Repeat every line from the line containing "Investigations showed hemoglobin" to the end of the data, exactly. Leave the pictures out.
---------- Records supplied ----------
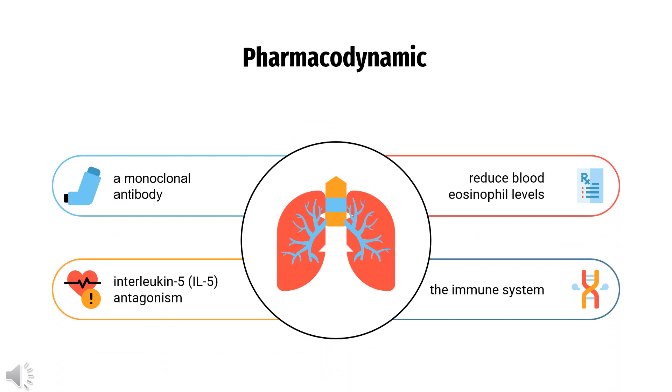Mepolizumab is a monoclonal antibody that acts through interleukin-5 (IL-5) antagonism to reduce blood eosinophil levels, generally in the range of 60–90% of baseline depending on dose, which in turn offers therapeutic benefit in the specific conditions for which Mepolizumab is indicated. Mepolizumab has a relatively long half-life of between 16 and 22 days, allowing for long-lasting therapeutic benefit and a 4-week dosing schedule. Despite a good safety profile, Mepolizumab may be associated with increased infections such as herpes zoster virus. Pre-existing helminth infections should be treated before starting Mepolizumab therapy. Inhaled and oral corticosteroids should not be discontinued after starting Mepolizumab but may be tapered as appropriate.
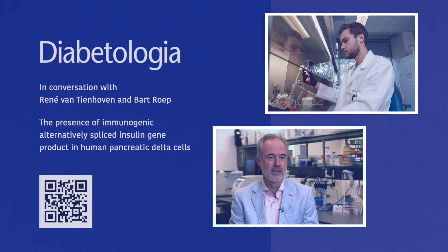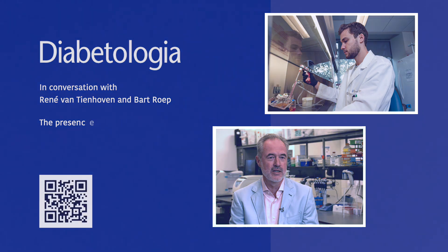Introducing Bart Rupp and René Van Tienhoven from Leiden University Medical Center. They're going to discuss their work on alternatively spliced insulin gene products found in the human pancreatic delta cells. As it's quite a complex area, would you mind running through a little bit of the background to islets, beta cells, and delta cells, how they fit into the picture, and also a little bit about the role of autoimmunity in the development of type 1 diabetes?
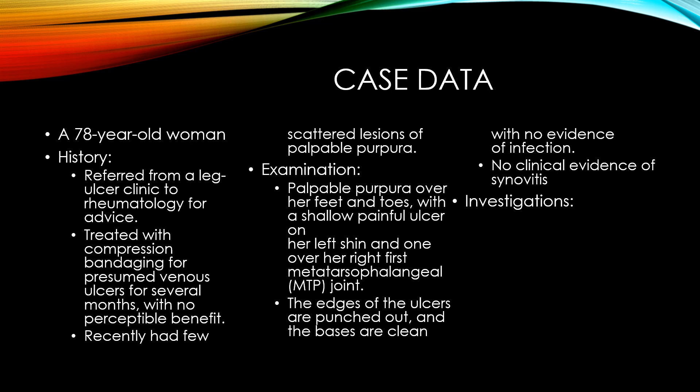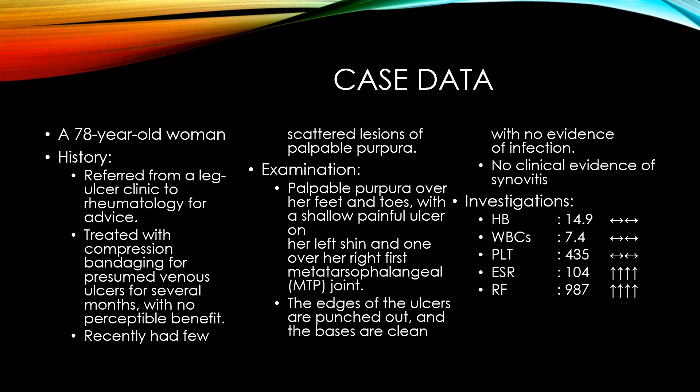Investigations showed hemoglobin within normal at 14.9, white cells within normal at 7.4, platelets within normal at 435. ESR was very high at 104, rheumatoid factor very high at 987, C3 consumed at 41, and C4 consumed with a level of 8 only.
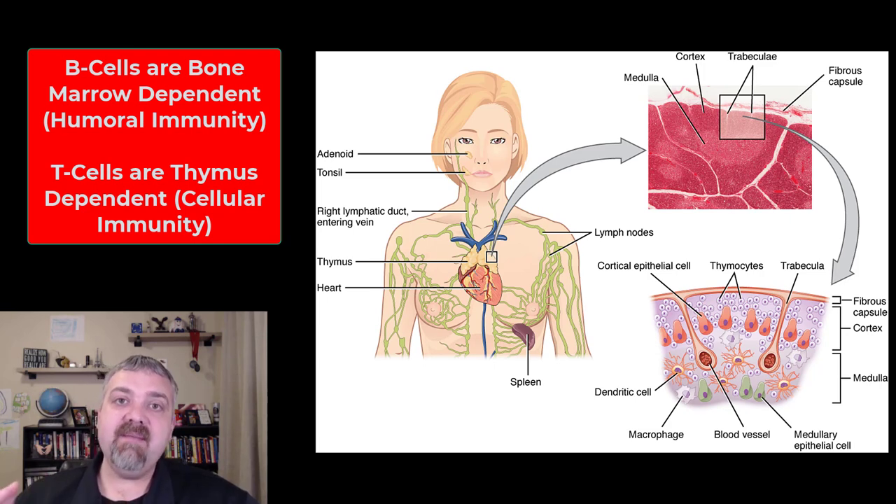Here we're going to talk about the thymus gland, which is where your T cells mature. T cells are responsible for the targeting and destruction of intracellular pathogens — think cells infected with viruses or intracellular bacteria, small bacteria that can live inside our cells. That's called cell-mediated or cellular immunity.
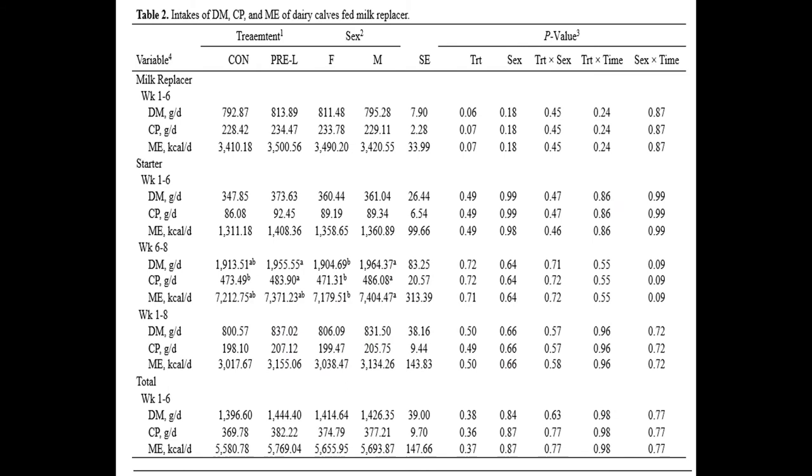Here is a table of the intakes of dry matter, crude protein, and energy. In the first six weeks for the milk replacer, you can tell that the pre-lysine group had an increase in all three — dry matter, crude protein, and energy — compared to that of the control group.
----------
- [Response to the exercise]:
Investigations showed hemoglobin within normal at 14.9, white cells within normal at 7.4, platelets within normal at 435. ESR was very high at 104, rheumatoid factor very high at 987, C3 consumed at 41, and C4 consumed with a level of 8 only.
Here we're going to talk about the thymus gland, which is where your T cells mature. T cells are responsible for the targeting and destruction of intracellular pathogens — think cells infected with viruses or intracellular bacteria, small bacteria that can live inside our cells. That's called cell-mediated or cellular immunity.
Here is a table of the intakes of dry matter, crude protein, and energy. In the first six weeks for the milk replacer, you can tell that the pre-lysine group had an increase in all three — dry matter, crude protein, and energy — compared to that of the control group.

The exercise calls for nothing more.